Şu aralar hava o kadar soğuk ki, kaloriferler sıcak olmasına rağmen oda ısınmıyor. Benim ne altımda ne de üstümde kimse kalmadığı için yerler deli gibi soğuk oluyor. Gerçi bu sadece benim evimde olmuyormuş, bunu bugün öğrendim. Soğuklardan cidden nefret ediyorum, şöyle bir an önce Şubat’a Mart’a atlasak diye düşünüyorum, ne mükemmel olurdu.

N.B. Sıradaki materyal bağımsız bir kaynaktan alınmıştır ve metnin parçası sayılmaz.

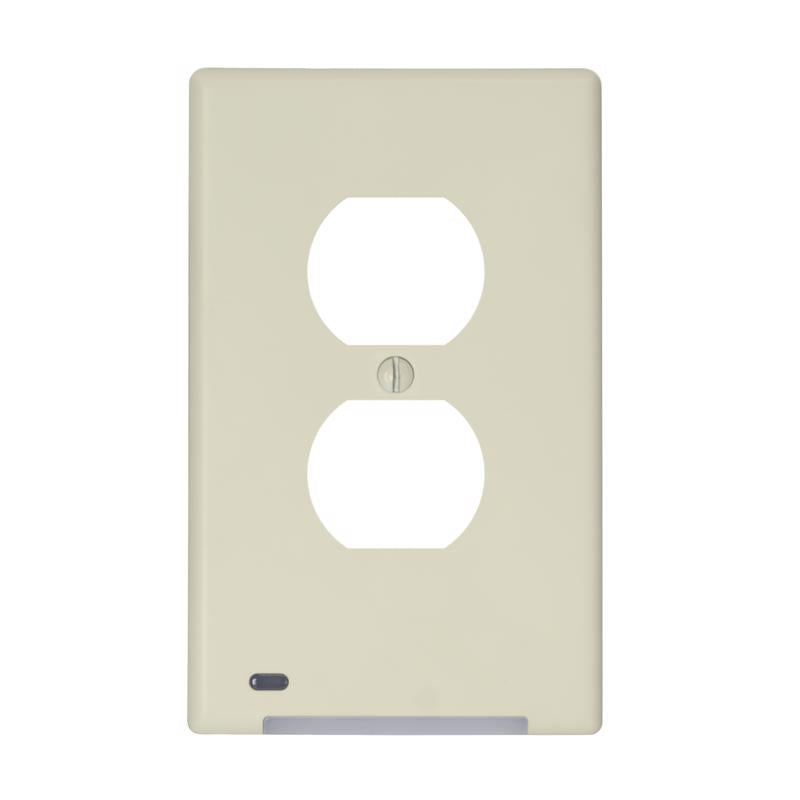LumiCover Amerelle Almond 1 gang Plastic Decorator/Duplex Nightlight Wall Plate 1 pk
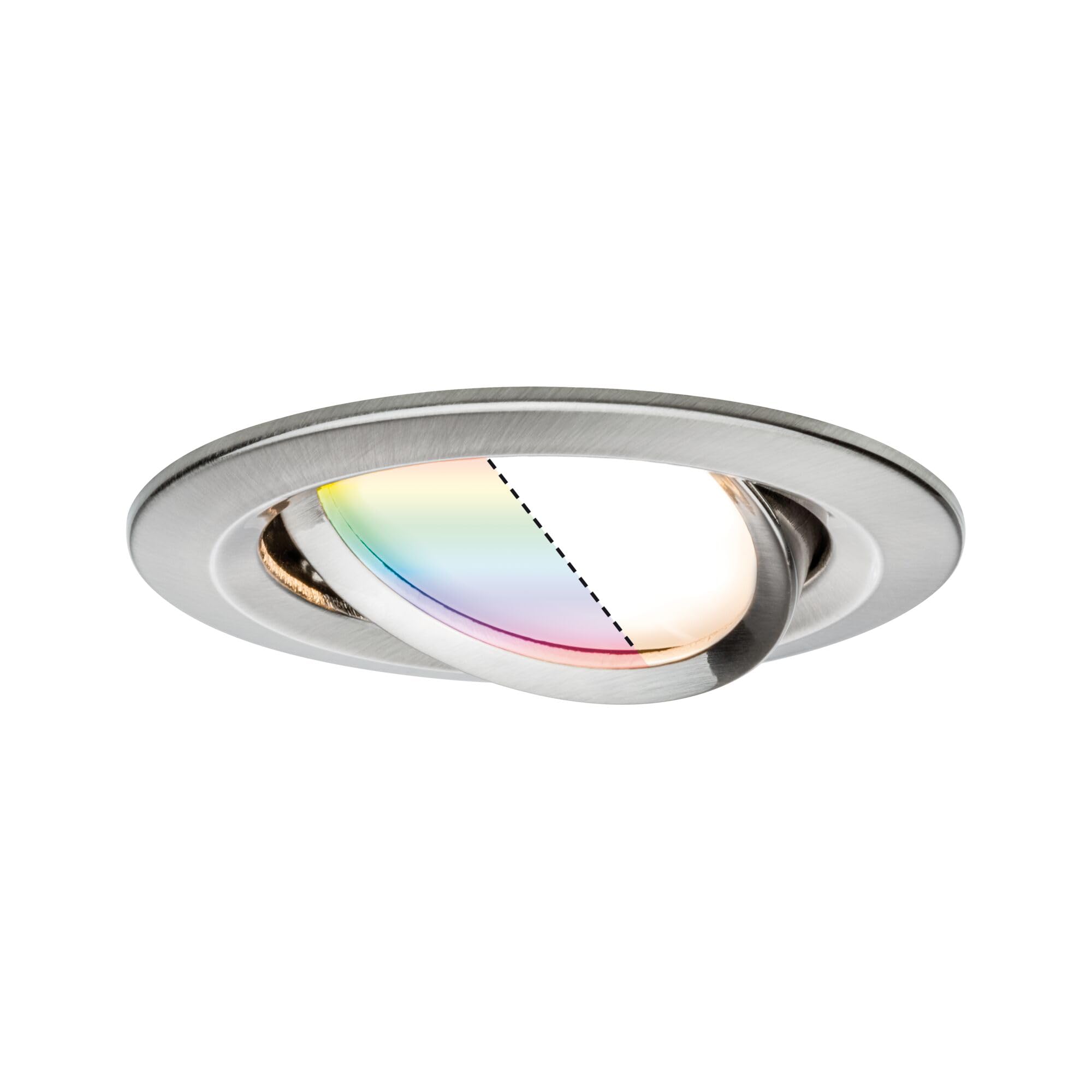 Paulmann 92964 Nova Plus LED recessed luminaire Smart Home Zigbee rnd. Swivel 1x2.5W RGBW dim recessed Spotlight Brushed Iron spot alu. zinc 2700K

Monitörüm Adana’dan geldi ve mutluyum. Büyük ekranda çalışmak cidden bir lüksmüş, onu gördüm. O kadar kullanışlı oluyor ki… Ah bir de çözünürlüğü yükse olsa. Ama yapabileceğim bir şey yok, çözünürlüğü yüksek olanlar acayip pahalı. Yine şu dolar kuru olayına takılıyorum. Hayatı o kadar çok kitliyor ki. Devlet de sağolsun, vergi üstüne vergi koyuyor ki kaliteli ürünleri alamayalım, sadece parası olan alsın kullansın bunları. Amk neden ben de kullanamıyorum? Sanki lüks bir araba alıyorum. Almak istediğim şeyler cep telefonu, monitör gibi şeyler. Hem kendin üretemiyorsun, o zaman neden alınmasına engel oluyorsun ki? İnsanlar zaten ne ev alabiliyorlar, ne araba alabiliyorlar devletin yüzünden, üstüne bir de bu küçük şeyler pahalı oluyor, sırf ekonomi politikalarından dolayı. Kim bilir ileride ne olacak ama ben elimden geldiğince buradan defolup gitmek istiyorum.